Beginning with the line that contains "Токаев встретил Си", reproduce every line through the end of the records below exactly, and leave the pictures out.

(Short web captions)
******
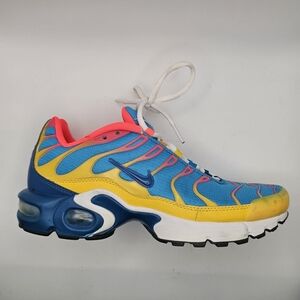 Nike Kids Blue and Yellow Sneakers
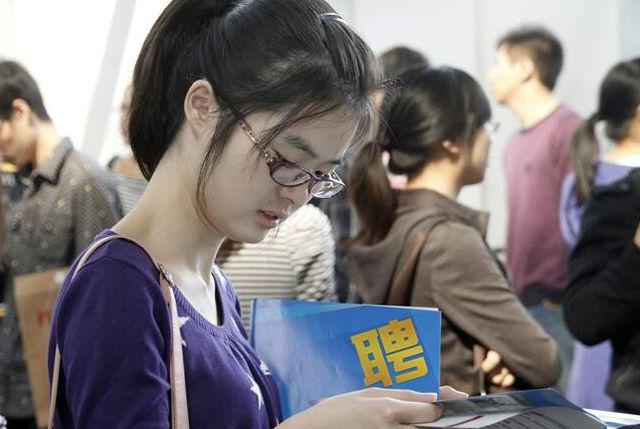 唐亚？毕业多年的陈宏和牛伟便很合适，一个小时发一个小时的信息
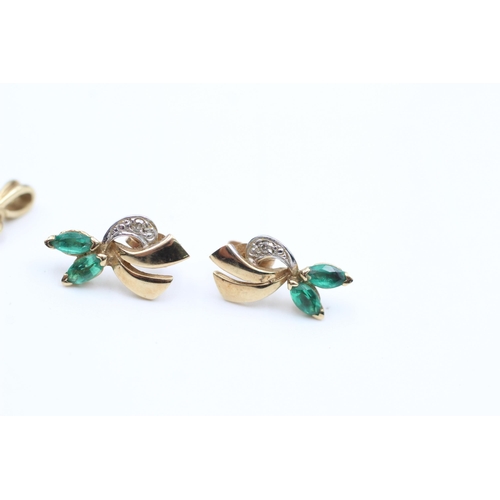 2118 - A 9ct gold green gemstone and diamond floral pendant and stud earrings set - approx. gross weight 3.... 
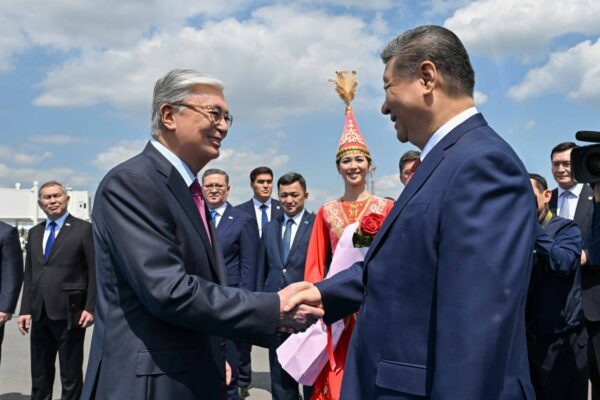Токаев встретил Си Цзиньпина в аэропорту Астаны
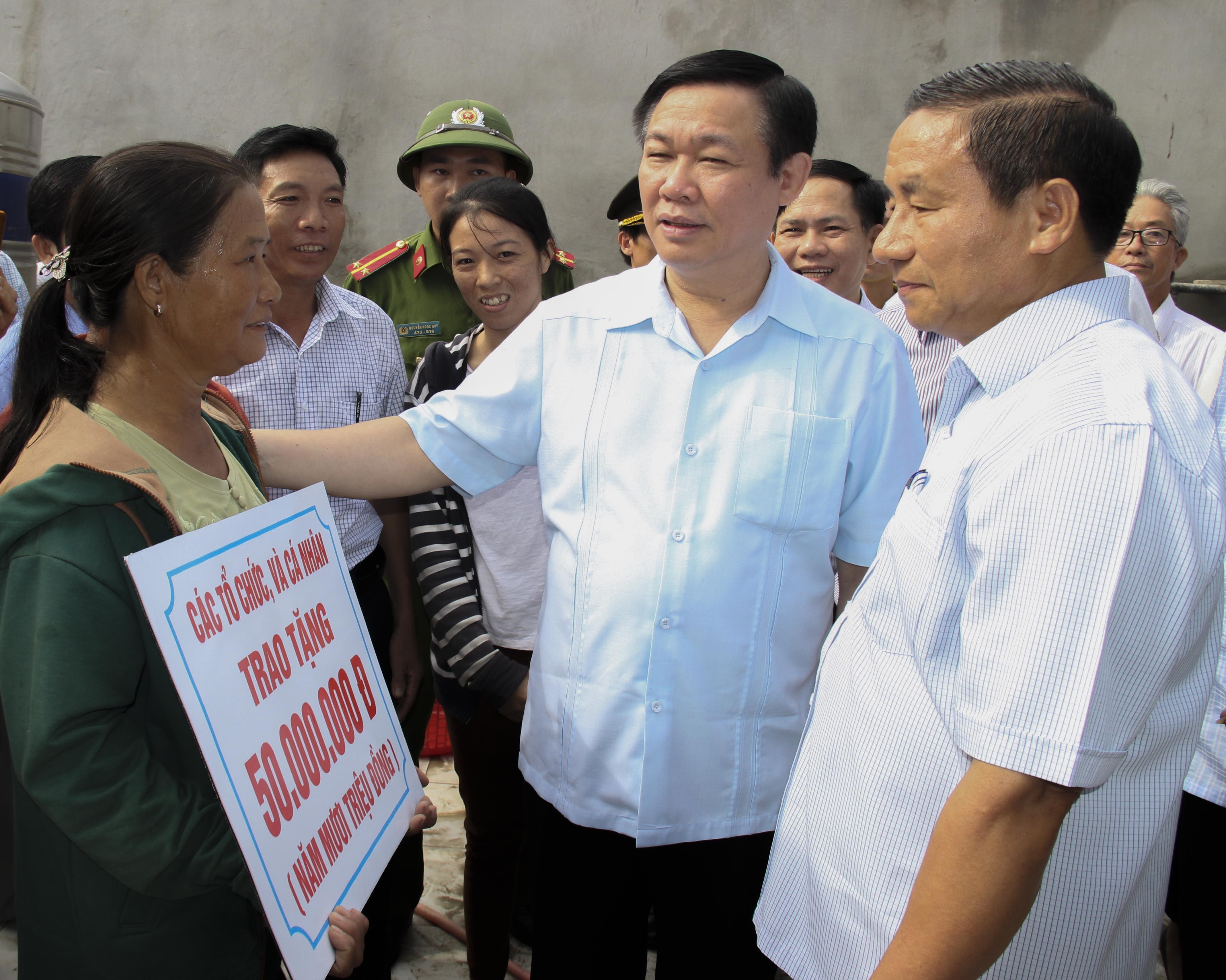 Pho thu tuong Vuong Dinh Hue tham, tang qua nguoi dan vung bao so 10 hinh anh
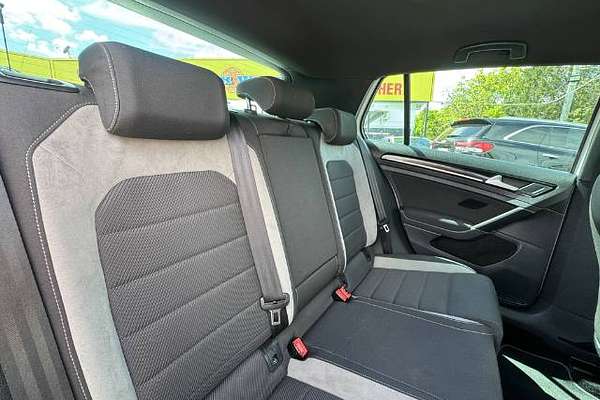 2014 Volkswagen Golf R 7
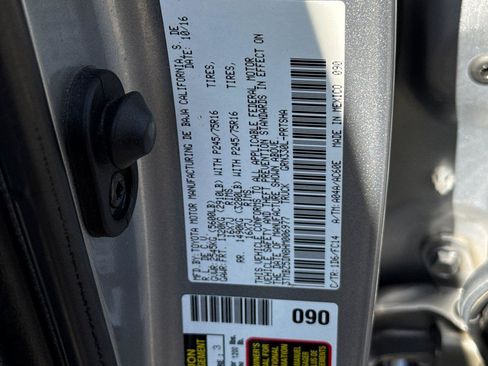 Used 2017 Toyota Tacoma SR5 w/ Tow Package image 29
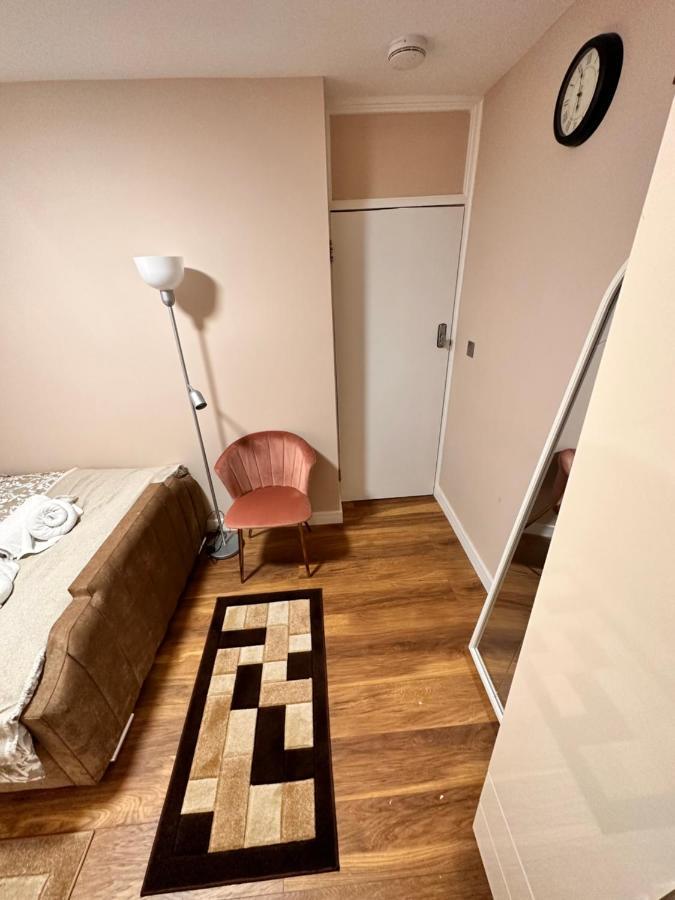 Affittacamere Canary Wharf Single Double And En-suite Londra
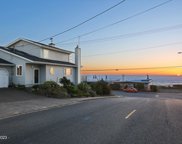 839 SW 2nd Street, Newport image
******
YOUR RESPONSE =>
Токаев встретил Си Цзиньпина в аэропорту Астаны
 Pho thu tuong Vuong Dinh Hue tham, tang qua nguoi dan vung bao so 10 hinh anh
 2014 Volkswagen Golf R 7
 Used 2017 Toyota Tacoma SR5 w/ Tow Package image 29
 Affittacamere Canary Wharf Single Double And En-suite Londra
 839 SW 2nd Street, Newport image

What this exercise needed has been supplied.